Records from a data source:
- Opening Delimiter -

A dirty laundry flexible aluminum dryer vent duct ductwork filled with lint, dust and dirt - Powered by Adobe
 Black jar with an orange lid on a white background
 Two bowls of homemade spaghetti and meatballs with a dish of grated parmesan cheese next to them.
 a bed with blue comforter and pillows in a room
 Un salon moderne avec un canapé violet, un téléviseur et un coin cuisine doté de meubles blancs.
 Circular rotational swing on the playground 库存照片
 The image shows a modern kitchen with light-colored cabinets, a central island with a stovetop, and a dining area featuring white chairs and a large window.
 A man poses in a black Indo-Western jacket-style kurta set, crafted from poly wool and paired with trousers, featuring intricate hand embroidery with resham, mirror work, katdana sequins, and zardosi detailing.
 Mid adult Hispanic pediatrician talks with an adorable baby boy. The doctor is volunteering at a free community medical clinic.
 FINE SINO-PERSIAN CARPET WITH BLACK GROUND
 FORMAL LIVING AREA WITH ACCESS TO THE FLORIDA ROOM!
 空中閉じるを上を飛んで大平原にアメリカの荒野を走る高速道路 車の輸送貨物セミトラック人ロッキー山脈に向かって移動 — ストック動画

- Closing Delimiter -

Work item: Nothing but an exact transcription of the records is expected.

Answer for the task:
A dirty laundry flexible aluminum dryer vent duct ductwork filled with lint, dust and dirt - Powered by Adobe
 Black jar with an orange lid on a white background
 Two bowls of homemade spaghetti and meatballs with a dish of grated parmesan cheese next to them.
 a bed with blue comforter and pillows in a room
 Un salon moderne avec un canapé violet, un téléviseur et un coin cuisine doté de meubles blancs.
 Circular rotational swing on the playground 库存照片
 The image shows a modern kitchen with light-colored cabinets, a central island with a stovetop, and a dining area featuring white chairs and a large window.
 A man poses in a black Indo-Western jacket-style kurta set, crafted from poly wool and paired with trousers, featuring intricate hand embroidery with resham, mirror work, katdana sequins, and zardosi detailing.
 Mid adult Hispanic pediatrician talks with an adorable baby boy. The doctor is volunteering at a free community medical clinic.
 FINE SINO-PERSIAN CARPET WITH BLACK GROUND
 FORMAL LIVING AREA WITH ACCESS TO THE FLORIDA ROOM!
 空中閉じるを上を飛んで大平原にアメリカの荒野を走る高速道路 車の輸送貨物セミトラック人ロッキー山脈に向かって移動 — ストック動画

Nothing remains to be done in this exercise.